Я решил принять участие в эксперименте. В конце концов, я руководитель лаборатории и должен отвечать за все. А Катя и Шурочка пусть пока отдохнут. Я хотел сам убедиться в свойствах Арсикова света.
В воскресенье я набросал план экспериментов: продолжительность сеансов, психологические тесты, контрольные опыты.
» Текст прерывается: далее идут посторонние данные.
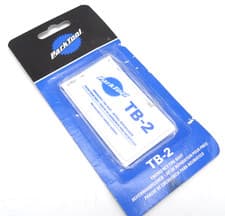 Image of Park Tool TB-2 Bike Emergency Tyre Boot Set of 3 Damaged Packaging PK-336-U11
Для начала я написал нечто похожее на школьное сочинение. Я перечитал "Гамлета" и честно, с максимальной ответственностью, изложил на бумаге свои мысли по поводу прочитанного. Я дал оценки поступкам всех героев, выразил неудовлетворенность датским принцем - очень уж он непоследователен и полон рефлексии - и запечатал сочинение в конверт. На конверте я поставил свою фамилию и дату. Я решил еще раз написать обо всем этом после того, как приму несколько сеансов облучения. Насколько изменится моя оценка?
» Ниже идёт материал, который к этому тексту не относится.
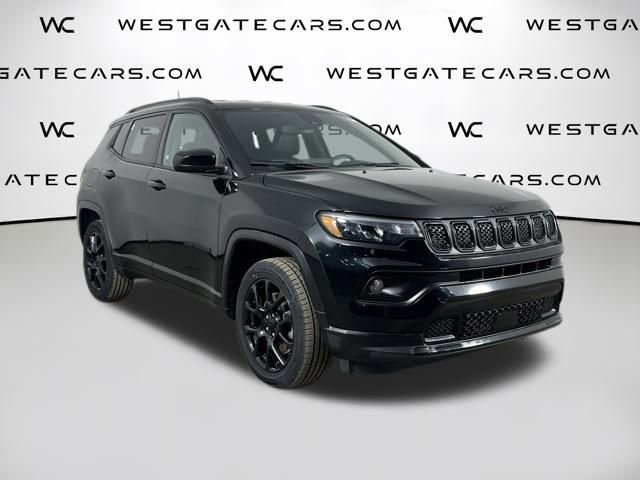 Used 2023 Jeep Compass Altitude image 39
Таким образом под эксперименты Арсика была подведена научная база. Я вновь обрел уверенность. Стройность умозаключений еще никому не мешала. Даже при изучении таких тонких вопросов, как душа.
Следующую рабочую неделю я начал с того, что поговорил с Катей. Я объяснил ей, что она стала жертвой эксперимента, что происходящее с нею навязано извне и скоро пройдет. Я попросил ее взять себя в руки.
Я запретил ей также пользоваться установкой.
Катя выслушала меня молча, опустив голову. На лице у нее были красные пятна. Когда я закончил, она взглянула на меня убийственным взглядом и отчетливо прошептала:
- Ненавижу!
Слава богу, мы разговаривали наедине. Я почувствовал раздражение. Недомыслие доводит меня до бешенства. Эта девчонка могла бы положиться на мой опыт хотя бы. Я хочу ей только добра.
- Выкинь из головы эту ерунду! - крикнул я. - Мы с тобой не на танцульках. Я запрещаю тебе меня любить!
Конечно, этого говорить не следовало. Глаза Кати мгновенно наполнились слезами. Она боялась мигнуть, чтобы не испортить свои накрашенные ресницы.
- Вас? Любить? - медленно сказала она. - Вы мне противны, я уйду из лаборатории, я…
- Пожалуйста, - сказал я. - Пишите заявление.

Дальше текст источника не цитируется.